> What to work on
Leave the pictures out and reproduce, exactly, the lines from the one with "3096 Pastel Rainbow Unicorn Skirt" through the end of the entries below.

-*-*-

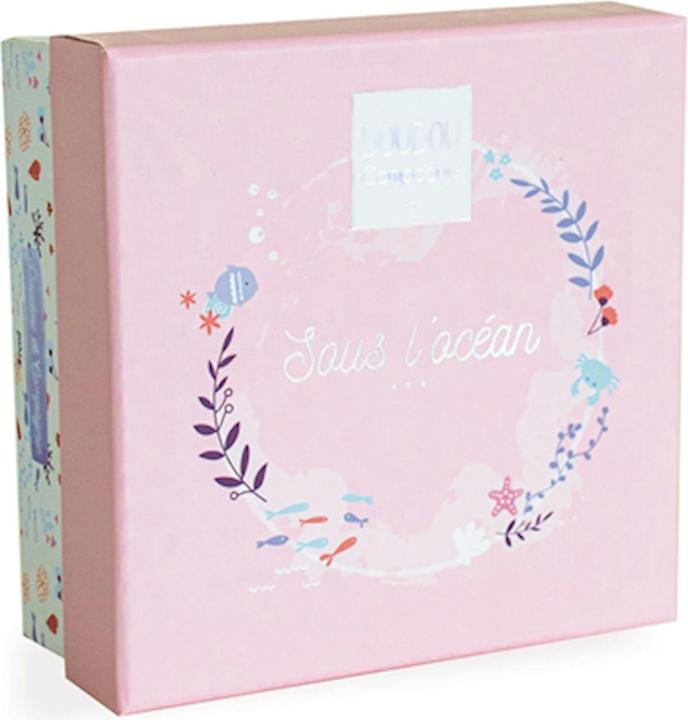Actual product image Doudou et Compagnie Seahorse with cuddle cloth, pink 17cm (MQ2) **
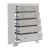 Avondale Wood/Wood Veneer/Mirrored Chest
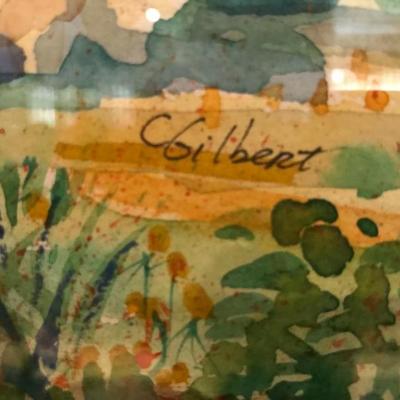 Christine Gilbert (signature detail)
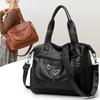 Tote Bag Commuter Women's Large Capacity Handbag Soft Leather Shoulder Bag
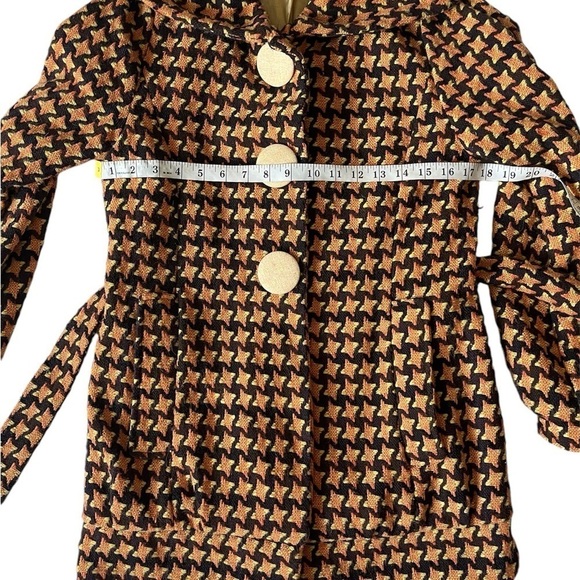 Aziz Women Size Small Knit Tie Belt Pea Coat Winter Heavy Stylish - Picture 4 of 11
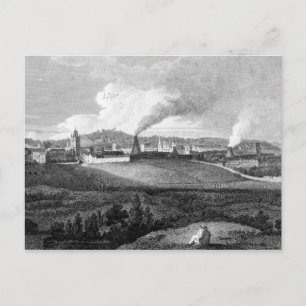 Carte Postale Vue de Bristol de Pile Hill, gravée par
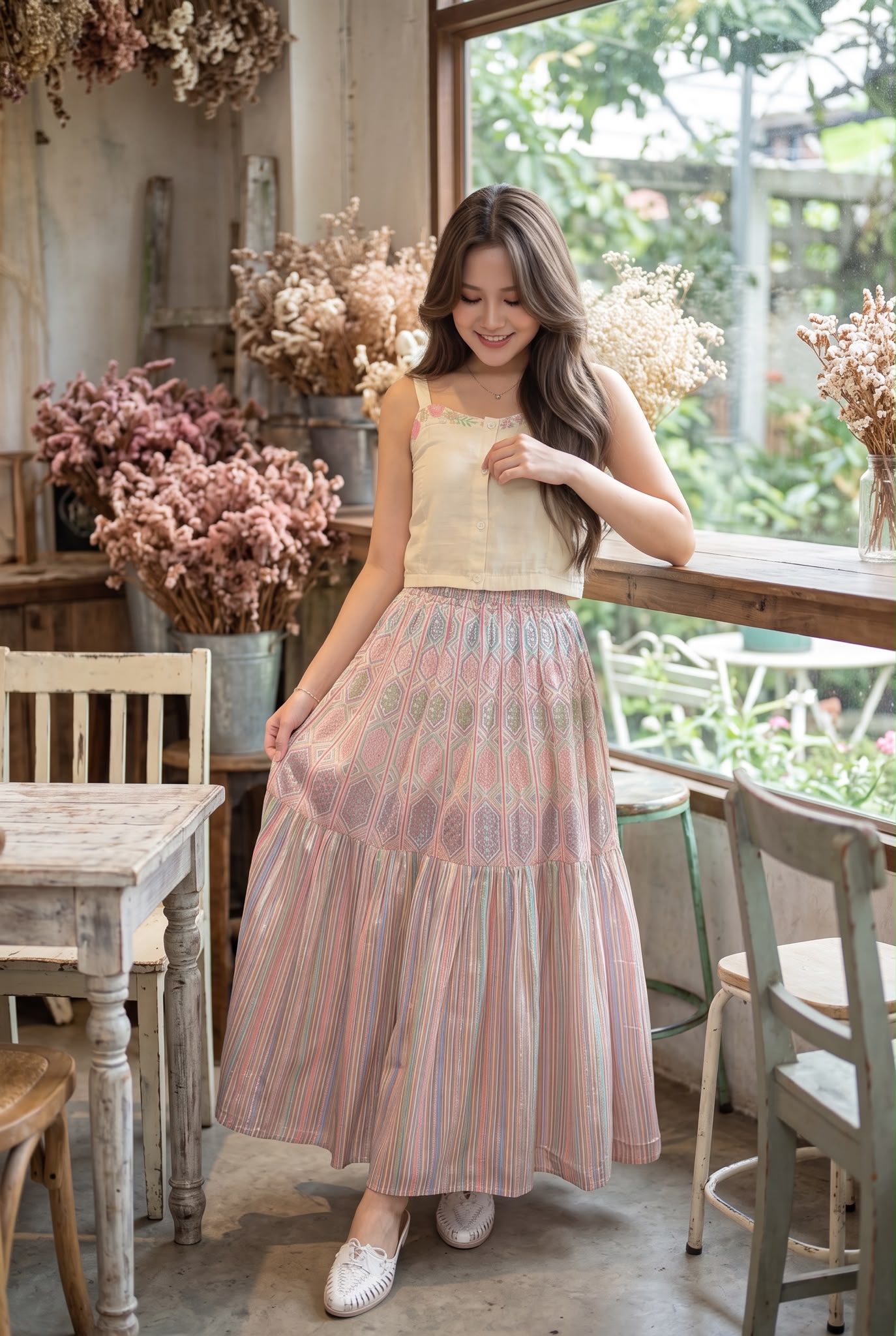 3096 Pastel Rainbow Unicorn Skirt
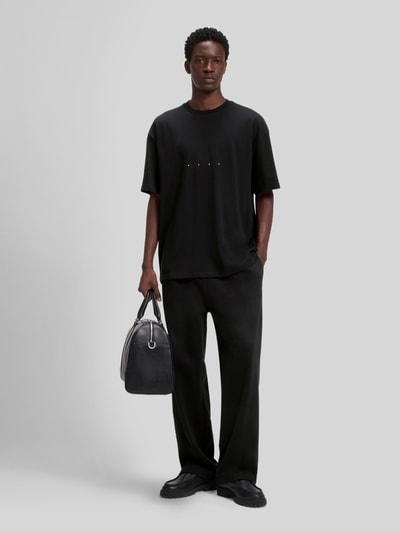 HUGO Oversized T-Shirt aus reiner Baumwolle Modell 'Devrolo' Black 1
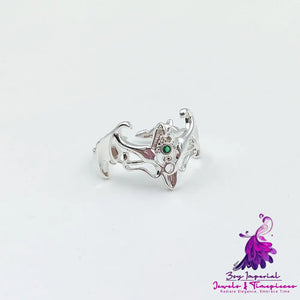 S925 Silver Opening Couple Ring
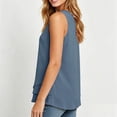 thumbnail image 5 of Tank Tops for Women Summer Flowy Cotton Linen Layered Hem Sleeveless Tops Dressy Casual Crewneck Tunic Blouses, 2026 New Limited-time Off, 5 of 6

-*-*-

> Written solution
 3096 Pastel Rainbow Unicorn Skirt
 HUGO Oversized T-Shirt aus reiner Baumwolle Modell 'Devrolo' Black 1
 S925 Silver Opening Couple Ring
 thumbnail image 5 of Tank Tops for Women Summer Flowy Cotton Linen Layered Hem Sleeveless Tops Dressy Casual Crewneck Tunic Blouses, 2026 New Limited-time Off, 5 of 6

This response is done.